Уже за пару кварталов до казарм
Хорошо работали предатели - оказалось, что кроме нас, и без ведома, в зале между другими делегатами было и по три представителя от наших частей: от бронепоездов, автоброневого отряда, заамурцев и даже от остатков китайцев. Большое казарменное помещение наполнялось шумом. Обсуждали, как сделать выступление и разгромить партийные организации, ЧК и Совет. Как всегда бывает в таких случаях, намечалось - и еврейский погром...
Нашего извозчика окружило человек двадцать, спрашивая, кого привёз; к нам, одетым заамурцами, тоже приставали, насмехаясь, ругаясь: «туда вашу мать, видите, старый режим у вас, ах какой фаэтон!» Кучер, старый бессарабец, земляк, загнул им такого, что они сейчас же отцепились, поняв, что здесь народ по-ихнему говорить не будет.
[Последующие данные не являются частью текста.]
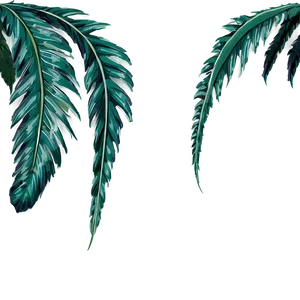 Summer Palm Leaves PNG Har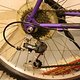 IMG 3746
Ещё мелочь чрезвычайно характерная: один из нас, 4-х конных, был старый член большевистской партии, все мы были в тёплых шинелях с карабинами за плечами; при саблях, с заломленными папахами, на небольших заамурских коньках, мы походили на настоящих сибирских казаков, совершивших большие и тяжёлые переходы.
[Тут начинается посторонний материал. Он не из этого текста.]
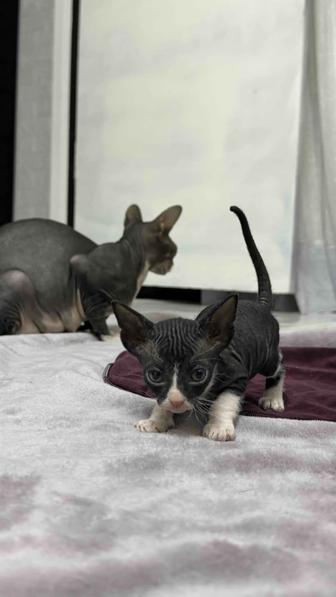 Котенок канадский сфинкс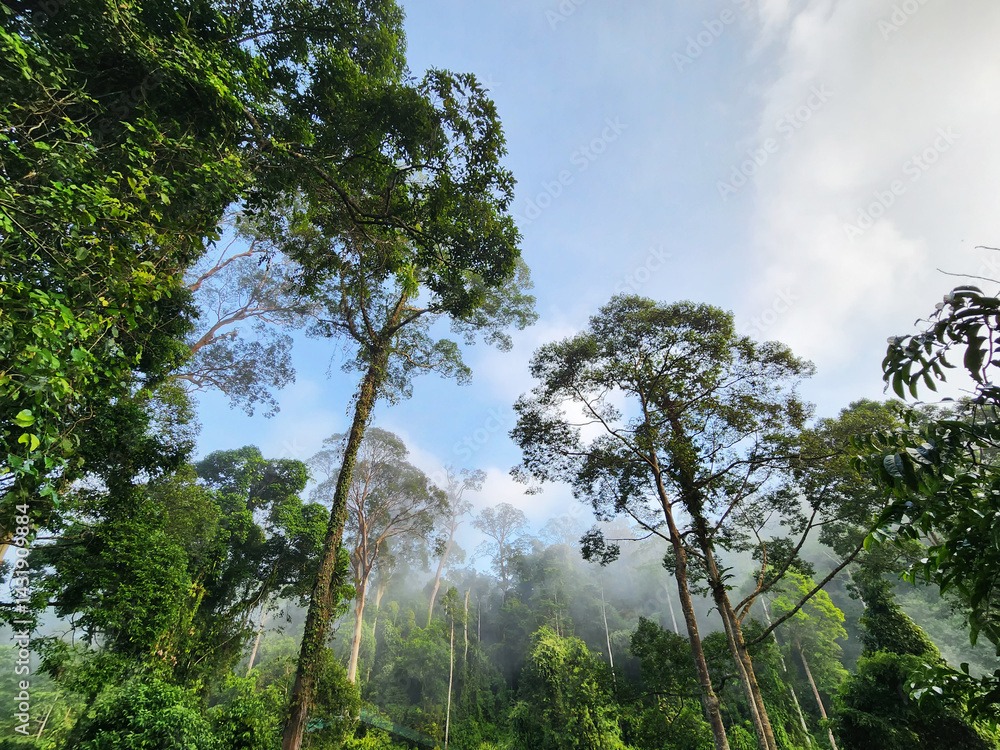Obraz premium Foggy morning at Danum Valley rain forest in Lahad Datu Sabah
Возле казарм маячило несколько всадников в гражданской одежде, двое из них были в студенческих фуражках. Это были люди из какой-то местной охраны или самообороны. Один из них, осторожненько так подъехав, начал расспрашивать Федоренко, кто мы и чего приехали. Товарищ Федоренко нарочно громко, чтобы слышали курземцы, ответил, что мы заамурцы, прибывшие после боёв, после тяжёлых поражений и замечательных чрезвычайных побед.
– Знаете, что сегодня курземцы хотят бить Совет, большевиков и жидов, - спросил тот, - и как вы об этом думаете?
Федоренко заломил набекрень папаху, и ещё сильнее крикнул: - Мы воевали, умирали, за каждый аршин советской земли с немцами бились, а они, да – так-перетак их, формировались, формировались, ряхи в тылу отъели, а теперь против наших рабочих и солдатских советов выступают. Нас, мол, тысячи. Наши полки здесь недалеко. Пусть посмеют только - мы всех их порубим.»
Это, надо сказать, хоть и простой на вид солдат сказал, а может именно потому, что именно простой человек сказал, повлияло на всех, и они пошли потихоньку болтать, что мы, чего доброго, можем им помешать.
В это время в зале происходила такая сцена: на месте председателя собрания молодой офицер в солдатской шинели с винтовкой, поставленной возле стола, волосы взъерошены, весь вид и речь такие простецкие, под «народ» подделывается, сукин сын, под толпу, под них подделывается, их на провокацию и измену своей власти подводит... Несколько раз пытался представитель совета, губернский комиссар, выступить, осадить, от преступления удержать - слова произнести не давали, начнут голосить - и приходится смолкать. Попросил слова наш начальник штаба, да председатель не дал - испугался, чтоб не взял он внимания.